“Stranger than Vérité”

Sherman’s March – Ross McElwee (1981)

Part confessional, part romance, part anthropological study, Sherman’s March is a difficult film to categorize.

The project was originally conceived as a film about Civil War general William T. Sherman’s destructive “March to the Sea,” but McElwee decided to pursue an alternative, more personal project, after being dumped by his girlfriend in the days before shooting began.

The result is a cinema-verité style documentary in which McElwee stars as himself, a little-known filmmaker approaching middle age with few romantic prospects. The subtitle, “A Meditation on the Possibility of Romantic Love In the South During an Era of Nuclear Weapons Proliferation,” sums things up nicely.

McElwee retraces Sherman’s route, stopping occasionally at sites of historical interest, and more frequently to pursue romantic conquests. The film is a road movie of sorts, a study in geography, infrastructure, cars, and people. Like Stephen Shore’s photographs, it is a film that depicts America through a wandering lens.

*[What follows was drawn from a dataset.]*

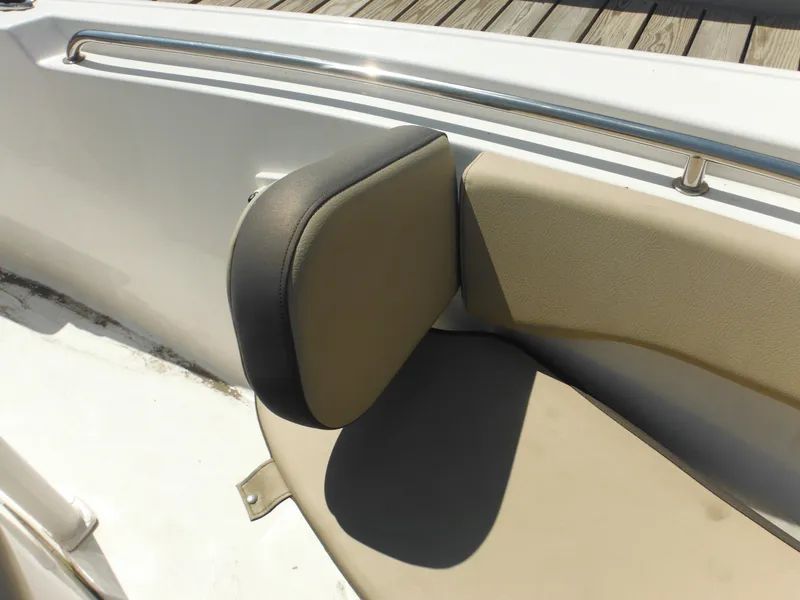 Slide: The Image of 2022 Tidewater 220 LXF boat seat with beige upholstery and stainless steel railing. - 42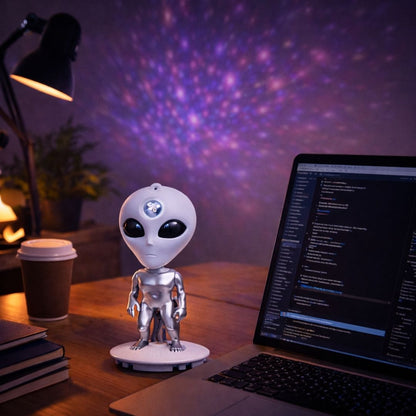 Alien figure on a desk with a laptop and lamp in a room with a starry night light projection.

Sherman’s March is interspersed with a series of confessional monologues in which McElwee relays the challenges posed by the project and speaks frankly about self-doubt and loneliness. These scenes—a man alone in an empty room, talking to a camera—demonstrate a vulnerability and directness of style that has only recently become familiar. In this respect, Sherman’s March is a pioneering work of DIY autobiographical cinema. There is a clear link between the film and the work of contemporary YouTube stars whose daily vlogs prioritize transparency above production value.  

I’m Still Here – Casey Affleck (2010)

In February 2009, Joaquin Phoenix appeared as a guest on The David Letterman show to promote an upcoming film. It didn’t go well. Phoenix was overweight, disheveled, and appeared inebriated. He ignored Letterman’s questions, endured a few taunts about his appearance, then announced that he planned to retire from acting in order to pursue a second career in hip-hop.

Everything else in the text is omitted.